Even though the narrator’s illness causes him a great deal of terror and confusion, Campbell writes about these feelings with a detached irony and humor reminiscent of Hunter S. Thompson describing a bad trip. The reader doesn’t feel the narrator’s panic; we are not invited to share in his illness the way we are in, say, Faces in the Water. Instead we view his delusions from a distance imposed by the double self-awareness of narrator and author. This self-awareness is part of what makes this an enjoyable read, but it can also be treacherous, both for him and for the reader. Neither the reader nor the narrator can reliably determine what is real and what is a hallucination (when the narrator’s sister leaves her sleeping body to visit him in the hospital, for instance, the narrator never questions the reality of the situation; the reader is inclined to, but the prosaic nature of their conversation, and the orderly who overhears a woman’s voice in the room, make us question that assumption. Conversely, when a giant frigate bird crashes into the narrator’s hotel window, it seems pretty apparent from the exclamations of the other hotel guests that the event falls firmly within the realm of reality—but the narrator is convinced that the bird is a spirit emissary from his grandfather, and part of his delusion). Ultimately, though, it doesn’t matter what’s real and what’s hallucinatory. This isn’t a story of a man fighting his way free of bipolar disorder and getting to grips with reality; rather it’s about accepting things as they are. The narrator doesn’t have the power to change his brain chemistry, or to go back and regain the childhood that was torn away from him. But he can learn to accommodate his delusions, even to welcome them, and he can embrace his lost family and his lost culture to find a sense of belonging in his adult life.

Raven2
Raven, 2008

This book (along with its two sequels, Sidewinder and Tia) is out of print, and I think that’s a shame; it was weird and wonderful and I really liked it.
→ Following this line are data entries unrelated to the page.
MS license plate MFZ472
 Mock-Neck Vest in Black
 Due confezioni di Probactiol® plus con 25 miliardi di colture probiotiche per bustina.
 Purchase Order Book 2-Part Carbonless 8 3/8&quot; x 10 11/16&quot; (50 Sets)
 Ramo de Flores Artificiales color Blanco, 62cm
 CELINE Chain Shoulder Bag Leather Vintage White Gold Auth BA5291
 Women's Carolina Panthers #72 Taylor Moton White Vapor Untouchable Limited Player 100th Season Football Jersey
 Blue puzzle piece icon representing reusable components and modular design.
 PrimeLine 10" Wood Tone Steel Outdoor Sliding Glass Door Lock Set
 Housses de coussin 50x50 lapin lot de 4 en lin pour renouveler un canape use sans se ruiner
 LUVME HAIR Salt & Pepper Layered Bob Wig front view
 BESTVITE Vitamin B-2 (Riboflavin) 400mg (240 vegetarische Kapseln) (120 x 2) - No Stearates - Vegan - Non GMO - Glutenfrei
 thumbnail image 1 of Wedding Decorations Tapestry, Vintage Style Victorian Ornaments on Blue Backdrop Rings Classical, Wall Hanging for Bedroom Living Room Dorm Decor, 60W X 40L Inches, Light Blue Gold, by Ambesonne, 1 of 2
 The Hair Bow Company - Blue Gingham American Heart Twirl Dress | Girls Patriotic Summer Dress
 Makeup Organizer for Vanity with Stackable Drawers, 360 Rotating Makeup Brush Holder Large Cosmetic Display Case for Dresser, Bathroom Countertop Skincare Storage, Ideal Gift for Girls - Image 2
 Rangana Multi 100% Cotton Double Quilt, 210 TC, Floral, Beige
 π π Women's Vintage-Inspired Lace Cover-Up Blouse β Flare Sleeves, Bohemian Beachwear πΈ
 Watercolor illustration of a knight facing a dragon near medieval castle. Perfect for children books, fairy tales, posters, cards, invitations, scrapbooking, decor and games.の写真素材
In fact, most of Campbell’s work seems to be out of print, which I find confusing; The Frigate Bird was a regional finalist for the Commonwealth Writers’ Prize, and as recently as 2005 Campbell was awarded the New Zealand Prime Minister’s Award for Literary Achievement in poetry. While I can’t pretend to know how much prestige that last one carries with it, it seems curious that only a decade later the man’s complete works would be almost forgotten. Campbell isn’t the first author I’ve read whose works have fallen into obscurity (Tom Davis and Johnny Frisbie were pretty tough to source too), but he’s the first who I think is undeserving of such a fate. I really liked this book, and I’m going to be keeping my eye out for second-hand copies of the sequels.